- Specialty: Orthopedic

= Duverney fracture =

Duverney fractures are isolated pelvic fractures involving only the iliac wing. They are caused by direct trauma to the iliac wing, and are generally stable fractures as they do not disrupt the weight bearing pelvic ring.

The fracture is named after the French surgeon Joseph Guichard Duverney who described the injury in his book Maladies des Os which was published posthumously in 1751.

==Presentation==
=== Complications ===
Malunion and deformity of the iliac wing can occur. Injury to the internal iliac artery can occur, leading to hypovolaemic shock. Perforation of the bowel can occur, leading to sepsis.
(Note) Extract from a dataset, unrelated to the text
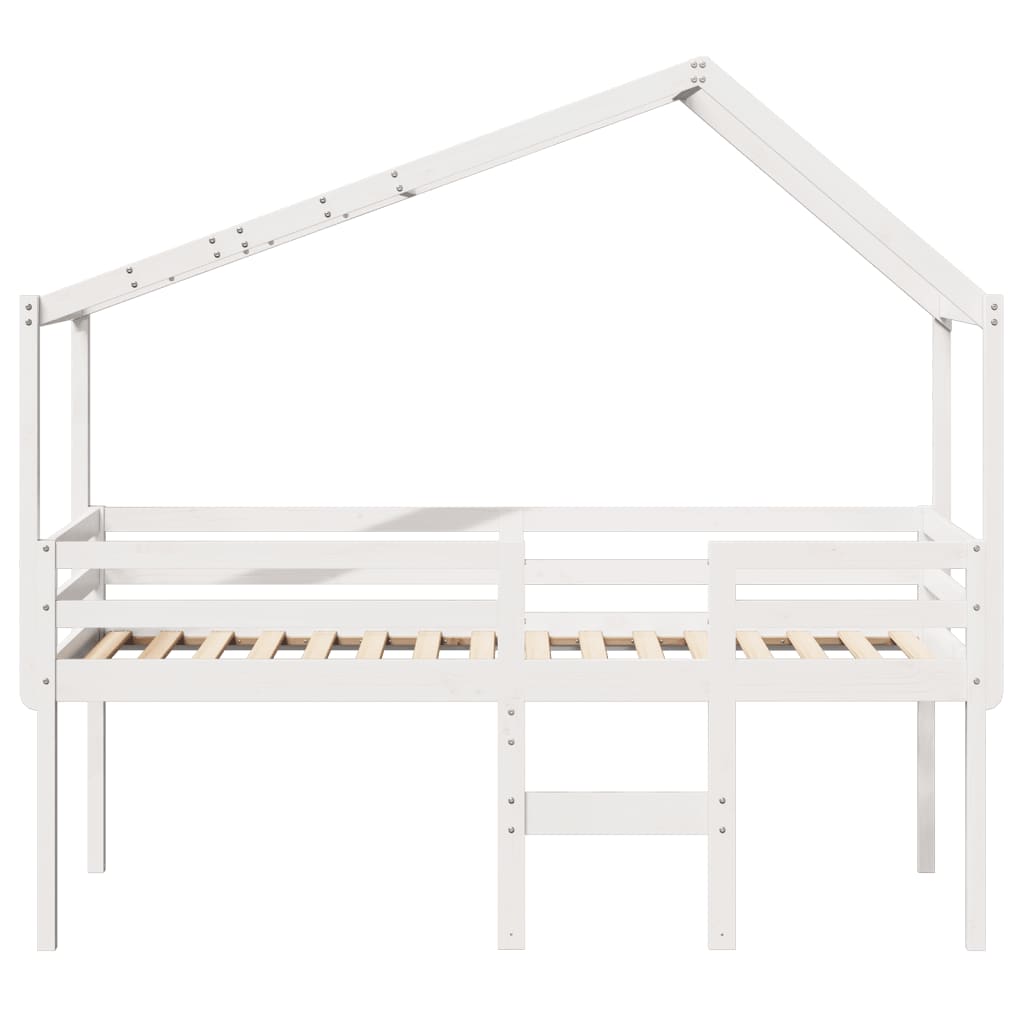 Letto a Soppalco con Tetto Bianco 80x200 cm in Legno di Pino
Damage to the adjacent nerves of the lumbosacral plexus has also been described.

== Diagnosis ==
Duverney fractures can usually be seen on pelvic X-rays, but CT scans are required to fully delineate the fracture and to look for associated fractures involving the pelvic ring.

== Management ==
Since fractures that do not involve the weight bearing part of the pelvic ring tend to be stable fractures, they can often be managed without surgery. These fractures tend to be very painful, so walking aids such as crutches or walking frames may be needed until the pain settles.

Open reduction internal fixation is sometimes required to correct deformity, and surgery may be required if there is damage to blood vessels, nerves or organs, or if the fracture is open.